Tasks - Mill

Built-in benchmarks

Mill is in alpha. Five benchmarks ship today, spanning text and vision. Add your own with custom tasks or the Contributing guide.

Benchmark	Task name(s)	Modality	Task type	Default n-shot	Metric
`mmlu`	`mmlu_<subject>` (57 subjects)	Text	`MULTIPLE_CHOICE` (log-prob)	5	`acc`
`mmlu_pro`	`mmlu_pro`	Text	`MULTIPLE_CHOICE` (generative CoT)	0	`mmlu_pro_acc`
`cifar10`	`cifar10`, `cifar10_mcq`	Image	zero-shot / generative MCQ	0	`acc` / `cifar10_mcq_acc`
`imagenet`	`imagenet`, `imagenet_mcq`	Image	zero-shot / generative MCQ	0	`acc` / `imagenet_mcq_acc`
`mmmu_pro`	`mmmu_pro`, `mmmu_pro_clip`	Image + Text	generative CoT / zero-shot	0	`mmmu_pro_acc` / `acc`
`clotho_aqa`	`clotho_aqa`	Audio + Text	`GENERATIVE_QA` (single word)	0	`clotho_aqa_exact_match`

Pass either the benchmark name (mmlu) or an individual task (mmlu_abstract_algebra) to mill eval. Browse everything interactively with mill ls.

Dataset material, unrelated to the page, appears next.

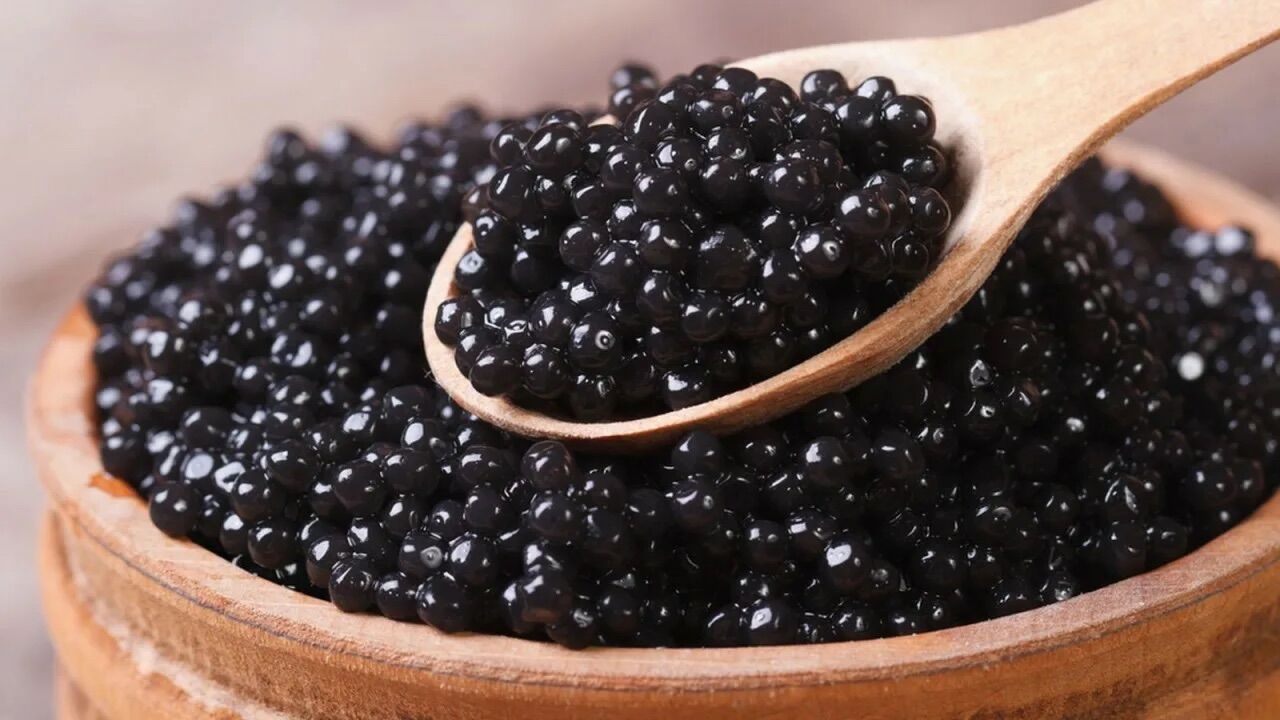 TRỨNG CÁ ĐEN CỦA NGA/220g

The vision benchmarks ship in two renderings of the same data. The benchmark sets pick_variant_by_model=True, so Mill automatically runs the rendering your model supports: the zero-shot task for CLIP-style encoders (image↔text similarity) and the generative multiple-choice task for vision-language models (which answer with a letter). You pass the benchmark name; Mill picks the variant.

Task types

task_type is the primary axis of a task — it declares what the task asks and decides which model interface serves it. output_type is a secondary scoring detail of the generative family only.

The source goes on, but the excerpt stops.